The hardest stretch? Scaling from four locations to 30 in just 24 months. We were running lean, everyone was stretched thin, and yet we were acquiring, integrating, remodeling, building processes, training staff, and still trying to deliver excellent customer service—often all at once. It was dizzying.

What kept us moving forward was a mindset of relentless improvement. Every crisis forced us to get smarter, faster, and more disciplined. Looking back, the road hasn’t been smooth—but the rough patches are what gave us the formula we have today that makes us the fastest growing laundromat operator in the country.
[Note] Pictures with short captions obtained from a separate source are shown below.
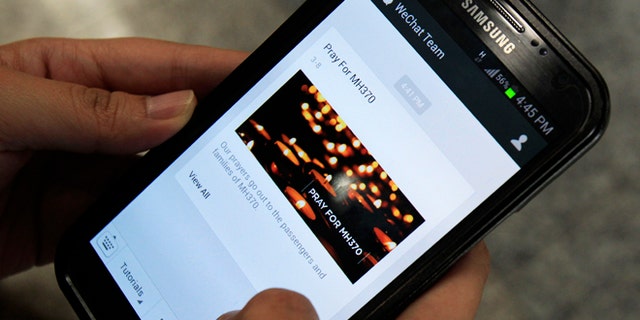 March 8, 2014: A message "Pray for MH370" is shown by mobile messaging app WeChat on a smartphone at Kuala Lumpur International Airport in Sepang, outside Kuala Lumpur, Malaysia.
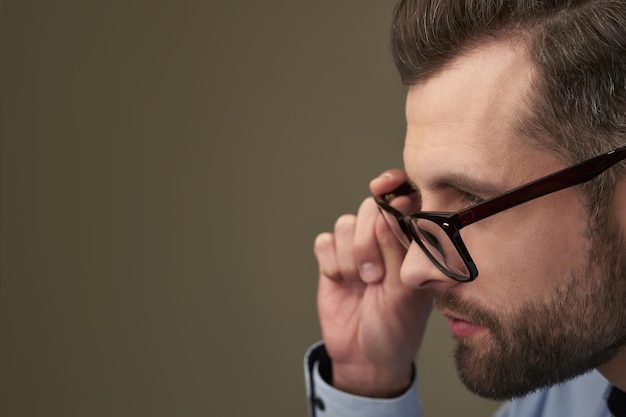 Unwinking stare of the serious bespectacled man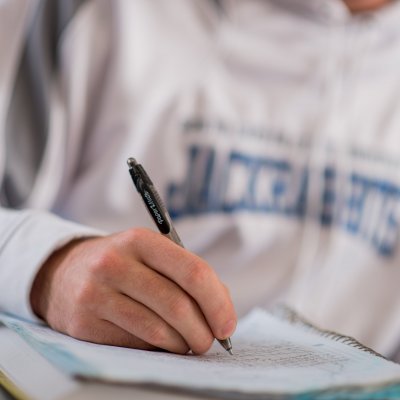 Student writing in a notebook.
Alright, so let’s switch gears a bit and talk business. What should we know?
We run Linen Fresh Laundry Holdings, a fast-growing laundry platform with 30+ locations across Arizona, Nevada, New Mexico, and Texas. We specialize in both self-serve laundromats and commercial laundry, with a strong reputation for serving short-term rental operators and boutique hotels—segments that most providers avoid because they’re so demanding. What sets us apart is our ability to scale while still keeping our stores spotless, our service dependable and predictable, and our turnaround times fast. We’re most proud of the consistency of our brand: whether it’s a family doing laundry, a business managing dozens of properties, or a hotel ensuring a great guest experience, our customers know they can count on us. At its core, Linen Fresh is about reliability and trust—because laundry isn’t just about clean clothes, it’s about making life easier for the people we serve.

Any big plans?
Our goal is clear: we want to become the largest owner of laundromats in the world. But for us, it’s not just about scale—it’s about setting the standard for how this industry should operate. In the next five years, we plan to grow from dozens of locations to hundreds, while expanding both our self-serve footprint and our commercial laundry division.

We’re especially excited about building a true multi-market platform: upgrading older laundromats into clean, modern, customer-friendly spaces, and expanding our commercial services with a focus on short-term rentals, hospitality, and other high-demand accounts. Along the way, we’ll keep investing in the backbone of our business—our people, our technology, and our in-house maintenance team—so that as we grow, our quality never slips.

Ultimately, we’re not just acquiring laundromats; we’re redefining what a laundry business can be at scale.